The Virginia women, just like their varsity team, won their meet by 127.5 points ahead of Michigan State, which built on the strength of swimmers orphaned by a recently-cut varsity program. Cal was 3rd.
Purdue won the combined-gender team title.
Some of the stars of last year’s meet, like 100-point scorer Travis Nitkiewicz or NJCAA National Champion Billy Cruz Zuniga, are gone this season, but some big names return as well.
That includes Virginia’s Emmet Hannam, who is the top seed in the 400 IM (4:03.76), the #2 seed in the 200 breast (2:05.74), the top seed in the 200 IM (1:54.06), and the top seed in the 200 free (1:40.79). Cal’s Joaquin Jamieson is the top seed in that 200 breast as well as the 100 breast.

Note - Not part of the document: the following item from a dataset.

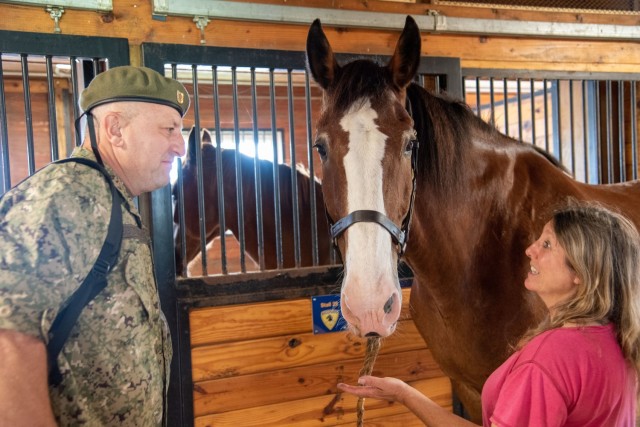 Uruguayan Army Maj. Gen. Hugo Rebollo tours Second Company Connecticut Governor's Horse Guard's facility in Newtown, Conn. on June 15, 2021. The visit was part of a bilateral State Partnership Program engagement between the Armed Forces of Uruguay and the Connecticut National Guard.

Also on the men’s side, Purdue returns 25-year-old grad student Bebe Wang as the top seed in the 50 free (20.64), an evolution from his varsity career where he was the 2019 NCAA D3 National Champion in the 200 IM for Denison.
On the women’s side, 100-point scorer Kasey Venn from Michigan State won’t return for the meet this year, though she did swim a college club meet early in the season. Her sidekick Sydney Kelly will though, and holds the top seed in the 400 IM (4:45.65) by two seconds over Florida’s Olivia Votava.
Among the newcomers to the scene is Grand Canyon’s Isabella Parish. In her first year of College Club Swimming, she has demonstrated that there are multiple pathways to improvement in the sport. She is the top seed in the 100 breast (1:05.62) and 200 breast (2:23.75), but neither is a best time. She continues to compete in USA Swimming meets as well, and swam 1:05.5 and 2:21.2 at the Arizona LSC Championships in March, which she followed with best times in four long course events at the Four Corners Sectionals meet at the end of the month.
Go hoos!!!
Scores from last year are off – on the mens side Purdue had 899.5, Liberty had 577. UVA women had 730.5 and MSU women had 471
https://www.swimphone.com/meets/club_scores.cfm?smid=15398
The reason for Kasey Venn’s disappearance from the roster after the early season meet? She graduated in December
I hope we can get videos of this. This meet is a fun party with both very fast swimming and slower swimming that is just as fun. People are enjoying the sport the way we did when we were kids.
it will be streamed:
https://www.collegeclubswimming.com/page.cfm?pagetitle=2024+National+Championship%20
I know college club isn’t a super serious league in the swimming world, but this is such an underrated meet for how large it is and how fast it’s gotten in recent years. Awesome to see some press on it!!
Especially swimmers choosing to stay at their school and finish their degree when their program was cut. No easy feat to keep this up in college. Congratulations to all!
19s incoming
Thanks for highlighting this! There have been a handful of people who swam here and ended up competing at the NCAA championship, notably Blake Hanna from University of Cincinnati.